Concerning the word "cliché" it is used in French as follows:
For what is often called a "lead": Imprint of a die during the manufacturing process. It is often taken on pewter or lead.
For "electrotype": A reproduction of a coin or medal made by an electroplating process.
(From my The Canadian Dictionary of Numismatics | Le dictionnaire canadien de numismatique)
"Cliché" in non-numismatic French means "snapshot" (as in photo), so its numismatic use is very logical since it is a snapshot of a die. Can't see how it can be related to the sound of a press!
Another use for the term cliché, also dealing with thin metallic objects, is in stamp printing. Back in the days before siderography, and when stamps were printed using letterpress technology, sheets of stamps were printed from frames of individual stamp clichés locked into place. One of the most famous stamp errors, the Swedish 3 skilling banco in yellow, was probably created when a 3 skilling banco cliché was mistakenly inserted into a plate of 8 skilling banco clichés, and the resulting stamp was printed in the yellow color of the 8 (the 3 was supposed to be blue-green).

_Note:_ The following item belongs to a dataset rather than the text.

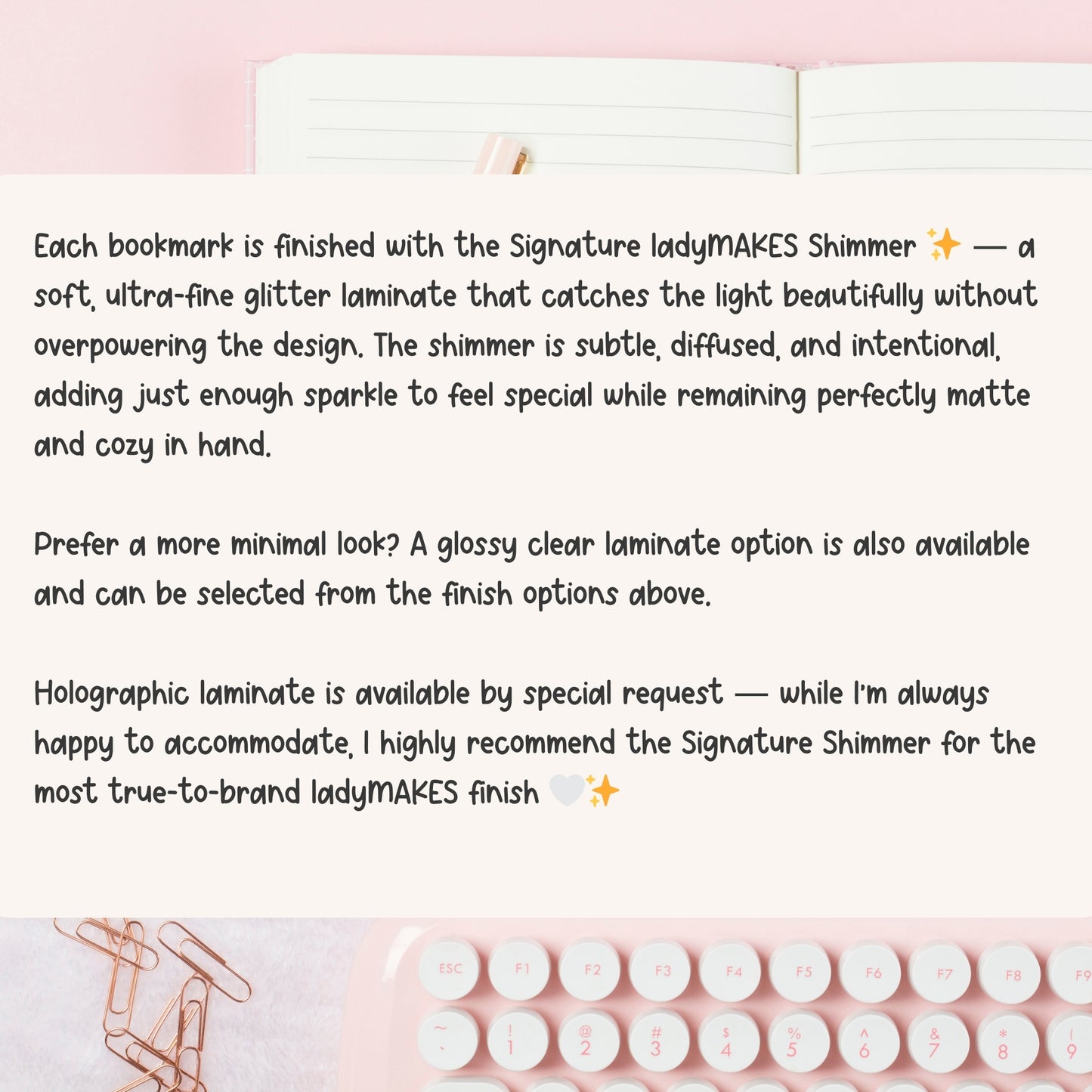 Boos Brews and Bows– Bookish Bookmark Collection | Cozy Bookish Accessories | One More Chapter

Clichés were made by stereotyping (casting from a master image), and another definition of stereotyper is a machine that creates embossed plates - thus the embossing that Dick Hanscom's original query described.
The use of the word cliché there has nothing to do with its use by a medal maker. And I have to take exception to Dick Johnson's (perhaps tongue in cheek) statement that "The term cliché comes from the sound the press made when striking these ...." The term cliché comes from the French for stereotype (as a verb) - and is carried into English as yet another (but not unrelated) definition of stereotype - a hackneyed phrase, a repeated reference - because, in its original use, clichés were all alike.